— Еще за ужин не сел, а уже расхваливаешь хозяина, — съязвила она. — Он мне через два дня на третий письма пишет, о чем — говорить не буду. И каждый раз жалуется на бессонницу, надоело до смерти. Какое мне дело до его бессонницы? Я же не врач! — По лицу ее было видно, что она прекрасно знает, какое отношение имеет к ней бессонница Чжао.
— В первой песне «Шицзина» сказано: «Эта девушка хороша, скромна. Он грустил в ночи, он томился днем». Значит, его письма продолжают старейшую традицию китайской культуры.
Су вспыхнула:
— Человек достоин сочувствия, ему везет меньше, чем тебе. А ты не ценишь этого, знай себе потешаешься над другими. Хунцзянь, ты мне таким не нравишься! Впредь я буду стараться сделать тебя добрее к людям.
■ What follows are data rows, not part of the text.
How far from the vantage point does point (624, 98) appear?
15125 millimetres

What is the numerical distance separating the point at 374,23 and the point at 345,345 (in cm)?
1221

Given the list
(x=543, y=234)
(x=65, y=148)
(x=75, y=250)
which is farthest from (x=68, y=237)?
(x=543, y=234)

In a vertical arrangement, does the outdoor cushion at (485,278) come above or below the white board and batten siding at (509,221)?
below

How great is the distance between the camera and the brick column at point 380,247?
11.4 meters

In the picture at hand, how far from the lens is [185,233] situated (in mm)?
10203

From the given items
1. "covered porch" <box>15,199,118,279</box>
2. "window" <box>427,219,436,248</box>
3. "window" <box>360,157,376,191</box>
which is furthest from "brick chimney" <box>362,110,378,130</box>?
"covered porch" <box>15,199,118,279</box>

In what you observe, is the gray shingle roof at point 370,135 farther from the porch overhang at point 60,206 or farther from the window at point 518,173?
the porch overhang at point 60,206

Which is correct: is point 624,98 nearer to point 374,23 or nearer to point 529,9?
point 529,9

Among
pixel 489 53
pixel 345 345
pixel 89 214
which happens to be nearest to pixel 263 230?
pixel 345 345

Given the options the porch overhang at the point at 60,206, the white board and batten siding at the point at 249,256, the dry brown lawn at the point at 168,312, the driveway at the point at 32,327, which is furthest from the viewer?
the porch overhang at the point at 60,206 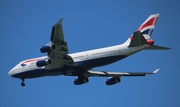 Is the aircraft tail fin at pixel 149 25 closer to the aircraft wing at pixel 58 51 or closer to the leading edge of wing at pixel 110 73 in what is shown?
the leading edge of wing at pixel 110 73

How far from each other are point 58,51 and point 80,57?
4.77 metres

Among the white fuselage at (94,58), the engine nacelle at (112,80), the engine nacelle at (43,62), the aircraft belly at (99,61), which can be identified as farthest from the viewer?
the engine nacelle at (112,80)

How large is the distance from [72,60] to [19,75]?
9.97 m

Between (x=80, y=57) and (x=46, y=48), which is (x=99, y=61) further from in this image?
(x=46, y=48)

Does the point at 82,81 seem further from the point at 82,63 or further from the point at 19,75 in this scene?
the point at 19,75

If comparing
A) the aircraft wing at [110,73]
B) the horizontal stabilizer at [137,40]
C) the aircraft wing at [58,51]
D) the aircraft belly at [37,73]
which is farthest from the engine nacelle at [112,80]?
the horizontal stabilizer at [137,40]

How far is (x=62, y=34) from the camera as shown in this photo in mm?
42000

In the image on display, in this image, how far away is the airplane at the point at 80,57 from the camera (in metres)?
43.3

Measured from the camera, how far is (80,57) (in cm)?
4847

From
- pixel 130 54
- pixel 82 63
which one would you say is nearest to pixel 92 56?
pixel 82 63

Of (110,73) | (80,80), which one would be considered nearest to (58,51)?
(80,80)

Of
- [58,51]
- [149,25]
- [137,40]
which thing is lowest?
[137,40]

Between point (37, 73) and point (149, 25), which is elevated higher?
point (149, 25)

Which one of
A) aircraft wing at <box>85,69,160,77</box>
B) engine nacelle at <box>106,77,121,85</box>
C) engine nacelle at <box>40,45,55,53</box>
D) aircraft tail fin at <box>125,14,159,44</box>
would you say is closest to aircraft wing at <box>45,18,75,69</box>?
engine nacelle at <box>40,45,55,53</box> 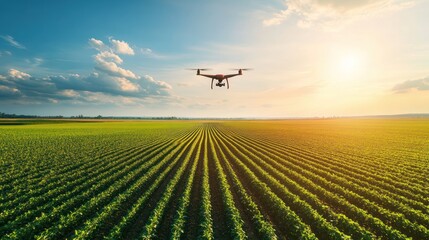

Напуганный такой перспективой, Фан прикусил язык. Распрощавшись с Су до вечера, он в плохом настроении вернулся к себе и решил, что больше тянуть с объяснением нельзя.
В ресторане Фан застал двух гостей, о которых говорила Су. Один был сутулый, лобастый, с большими глазами за золотым пенсне, в пиджаке со слишком длинными рукавами; на его бледном безусом лице не было ни морщинки, и его можно было принять за молоденькую женщину или за мальчика-переростка. У другого был открытый, вдохновенный взгляд, прямой нос, словно к лицу этого человека лестницу приставили. Вся его внешность, в том числе изящно повязанный галстук, вызвала у Фана немую зависть. Чжао Синьмэй радушно приветствовал Фана и сообщил ему, что сутулый — философ по имени Чу Шэньмин, а второй, Дун Сечуань, только что вернулся из Чехословакии, где служил военным атташе в китайской миссии. Он хорошо пишет стихи в старом стиле и вообще весьма талантлив.
Настоящее имя философа было Цзябао, что буквально означает «Домашнее сокровище». Обладатель этого имени счел его пошлым и, следуя примеру Спинозы, сменил его, стал звать себя Шэньмин, что значит «Пронзающий мысленным взором». В детстве будущего философа одни считали вундеркиндом, другие — душевнобольным. Он не закончил ни высшей, ни средней, ни даже начальной школы, ибо не находил учителей, достойных наставлять и экзаменовать его. Женщин он не выносил до такой степени, что, будучи сильно близоруким, долго не хотел надевать очки, чтобы не видеть женских лиц. Он любил говорить, что в людях заложено два начала — небесное и животное, но в нем самом только небесное.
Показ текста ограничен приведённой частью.